Diesel's Pride Month Ad Follows a Life in Sublime Transition
A process at once emotional, physical ... and spiritual
It’s Pride Month! And for reasons running the gamut of negative, utterly tragic, ludicrous and (surprisingly) positive, trans folks are among the topmost topics of the hivemind.
The social media age isn’t really designed for nuance, and this is a big frustration when trying to understand, or even educate, around things that are by nature nuanced, like gender identity and sexuality. One of the more odious frustrations about conversations related to sex involves the fact that people fixate on genitals. Which ones were you born with? What junk do you have now? Have you changed them?
Creepy questions, really, and an especially fraught topic to navigate for trans people, who know intimately that the act of becoming is not solely physical. It’s emotional, social, and also liminal; there are all sorts of strange initiations to traverse, some cultural and some spiritual.
There are, perhaps, name changes, choices to make when faced with gendered spaces, and a whole renegotiation of personal style and ways of being. A second adolescence, and who wants another one of those?
Diesel’s “Francesca,” brought to you by Publicis Italy, explores these nuances nicely.
“Francesca” follows someone who was assigned male at birth, and follows her transition with delicacy from start to finish.
You feel the difficulty of the road ahead in that first scene, when she gazes at herself and silently measures where she is against where she’s headed. There are triumphs, like the moment she loses herself dancing alone in a body she’s beginning to align with. There’s the everyday work, tiny markers in a long road—like taking hormone pills. And of course there’s denouement, which is unique to Francesca, even if we thought, all this time, that we understood what she wanted.
One thing we’ve always enjoyed about Diesel is its tongue-in-cheek interpretation of the slogan “For Successful Living,” and that serves the brand well here. It sounds like capitalism, but it’s bent to accommodate personal agency in ways unrelated to financial “success” (though, to be fair, Diesel jeans are pricey).
Usually the heroes are people on the fringes of “acceptable” culture: “Go with the Flaw” is a breathless celebration of what others may shun in you. “Be a Follower” makes it feel cool to opt out of aspirational influencer culture. “Hate Couture” had celebrities reappropriate some of the worst insults they receive on social media, literally by wearing them. And to really drive the point home, a spot in early February depicts a man who, like Superman, is born super but pretends to be more mediocre than he is, because that’s all this lame culture can bear.
“Francesca” is in keeping with these kaleidoscopic stories of success. But our favorite thing lies in how “successful living” is defined specifically for her: The process of “becoming” a woman in the ways we understand is only one part of Francesca’s journey, a step toward a larger, and pretty unique, dream: Francesca becomes a nun.
The realization of that ambition—exchanging jeans for a wimple, in a religion that isn’t historically known for propagating progressive values, often at the expense of women or people outside the cishet box—is Francesca’s definition of successful living. It doesn’t really matter what you think.
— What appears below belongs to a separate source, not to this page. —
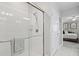 Modern bathroom with a glass shower, silver hardware, and neutral tones at 17578 Holly Well Ave, Wimauma, FL 33598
That her story is depicted without a word from her is also important. Plenty’s been said about how minorities are asked to perform the labor of explaining themselves in minute detail to people who aren’t necessarily prepared to understand (or even those who are), again and again. There is a privacy to Francesca’s journey that refutes that. She is not here to be the Joan of Arc of the trans experience. It is our job to watch, make the necessary empathic connections, and internalize this tale through the connectivity inherent to truly projecting into a single experience, versus relying on its capacity to argue.
That’s what makes this piece great: It doesn’t try to generalize the experience of all trans people. Sometimes brands do that, and it feels like simpering, victim-villain caricature. And one of the difficulties of being a minority is dealing with the fact that people sometimes treat you, a single person, like a representative or authority for a massive and diverse group.
It’s not all trans stories. Instead, it’s one: Francesca’s story. And hopefully it’s one among many others that trickle into the mainstream, nuancing our understanding of the trans experience so we can finally feel in our bones what is so obvious: Transition is the only certainty anybody gets. We are experiencing it now, collectively. It is always a little scary, always a little chaotic, and at its beginning, the road feels long and a bit depressing. All this can be brought to bear when trying to understand the trans experience. And when it is, we come to understand that the right to live in alignment with what’s inside is a collective fight, one we are forever engaged in.
“Francesca” features model/activist Harlow Monroe, a trans woman. It was written by Silvia Serreli, with art direction from Mattia Mingardo and directed by Division’s François Rousselet. Diversity, an Italian association that promotes social inclusion, was consulted for campaign development.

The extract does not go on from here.